Amerykańska stacja radiowa Star 102 Cleveland z Ohio doszła do wniosku, że „Baby it’s cold outside” nie powinno być dłużej puszczane na antenie. Powód? Zdaniem rozgłośni piosenka promuje postawy, na które nie ma miejsca „w erze post #MeToo”. To reakcja na głosy słuchaczy, którzy jako pierwsi zwrócili uwagę na niestosowne słowa utworu. W odpowiedzi jeden z prezenterów, Glenn Anderson, napisał na swoim blogu, że faktycznie są one pełne manipulacji i niewłaściwe.

- W świecie, w którym ruch #MeToo w końcu dał kobietom głos, na który od dawna zasługiwały, nie ma miejsca na takie utwory – napisał Glenn Anderson.

O co ten cały hałas - czyli o czym jest utwór Franka Loessera?

Piosenka "Baby it's cold outside" została napisana dla jego żony. Przedstawia z pozoru zabawną scenę, w której mężczyzna próbuje namówić partnerkę, żeby została u niego dłużej i nie wracała jeszcze do domu. Podczas, gdy kobiecy głos podnosi kolejne argumenty, przemawiające za tym, by wyjść, bohater piosenki usiłuje je obalić, sugerując, że na zewnątrz jest bardzo zimno („baby it’s cold outside”), na pewno nie ma już żadnych taksówek, a jego wybranka nabawi się zapalenia płuc. Zaczyna się niewinnie, ale kolejne wersy budzą coraz więcej kontrowersji.

W pewnym momencie kobiecy głos wyraźnie sugeruje, że nie zgadza się na bliższy kontakt, podczas gdy głos męski naciska coraz bardziej, proponując drinki i ciepły kominek jako alternatywę dla chłodnego zimowego wieczoru. Najbardziej dyskusyjne są słowa wyraźnie świadczące o braku zgody ze strony kobiety. W piosence słyszymy „Odpowiedź brzmi nie” i „Po prostu muszę już iść”, a także niesławne „Co było w tym drinku?”. Na dobitkę na słowa „Powinnam powiedzieć nie, nie, nie” męski głos odpowiada „Czy masz coś przeciwko, żebym przysunął się bliżej?”. Trafiony, zatopiony. Jeśli dodamy do tego scenę z filmu "Córka Neptuna", w której rozbrzmiewa piosenka "Baby it's cold outside", a bohaterowie przedstawiają scenę żywcem wziętą z tego utworu, ostatnia linia obrony zostaje przerwana.
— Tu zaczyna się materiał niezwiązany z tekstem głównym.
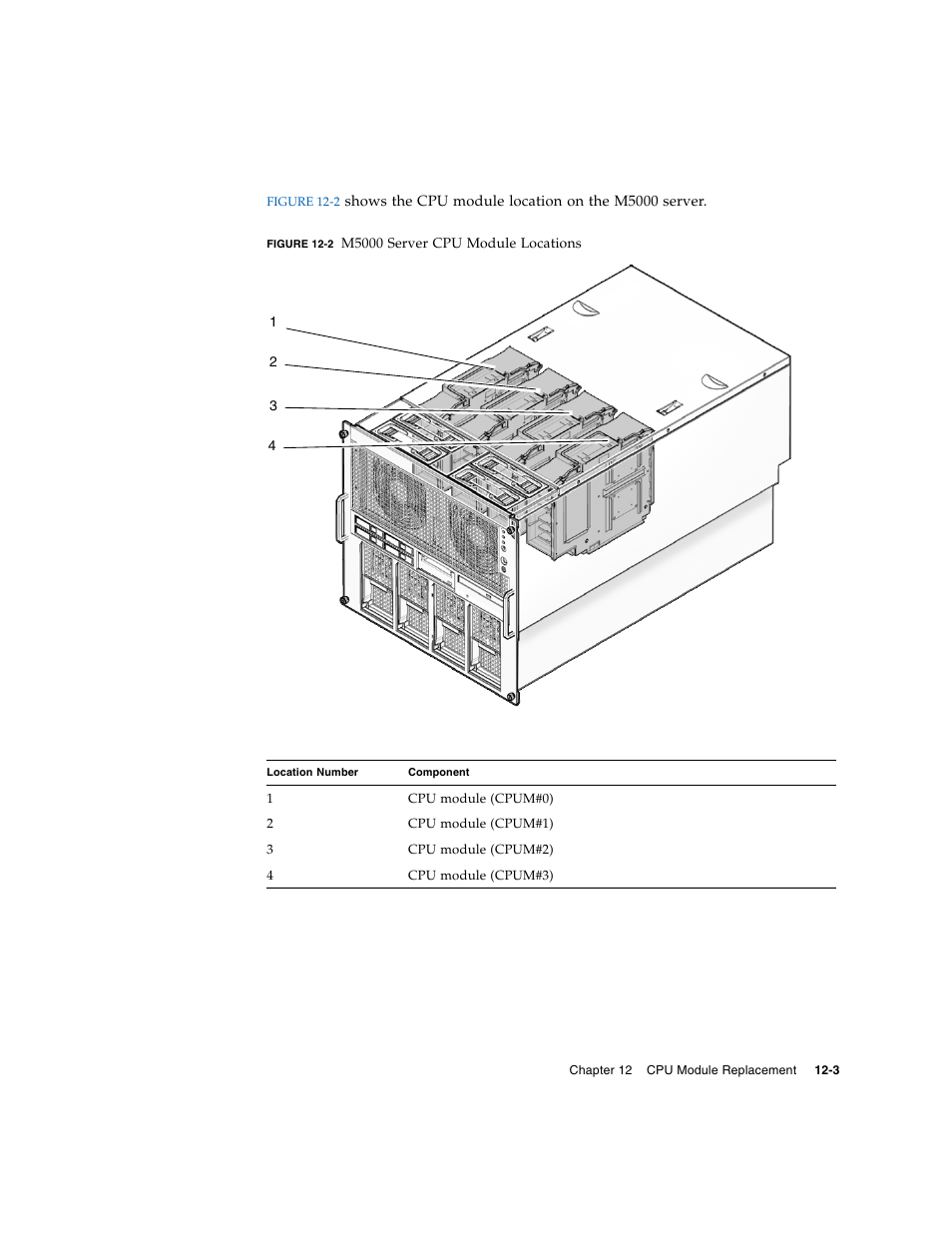 FUJITSU M5000 User Manual | Page 199 / 310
Tylko czy faktycznie powinniśmy jej bronić?

No właśnie. Czy ban na "Baby it's cold outside" to słuszna decyzja, czy przejaw przesadnej poprawności politycznej? Jak mówi Sondra Miller, prezes centrum kryzysowego dla ofiar gwałtów w Cleveland, piosenka istotnie przesuwa granice zgody na bliski kontakt fizyczny.

- Bohaterka utworu wyraźnie mówi „nie”, podczas gdy męski głos pyta „Czy nie przypadkiem nie oznacza tak?”. Uważam, że w 2018 roku, mając pełną świadomość, że „nie” zawsze znaczy „nie”, nie powinniśmy puszczać utworów, które zachęcają do innej interpretacji - powiedziała Sondra Miller.

Co na to słuchacze? Stacja Star 102 opublikowała na Facebooku ankietę, w której zapytała odbiorców, czy zgadzają się z tą decyzją. Co ciekawe, zdecydowana większość uznała, że rozgłośnia powinna ją zmienić na korzyść piosenki. A Wy co o tym sądzicie?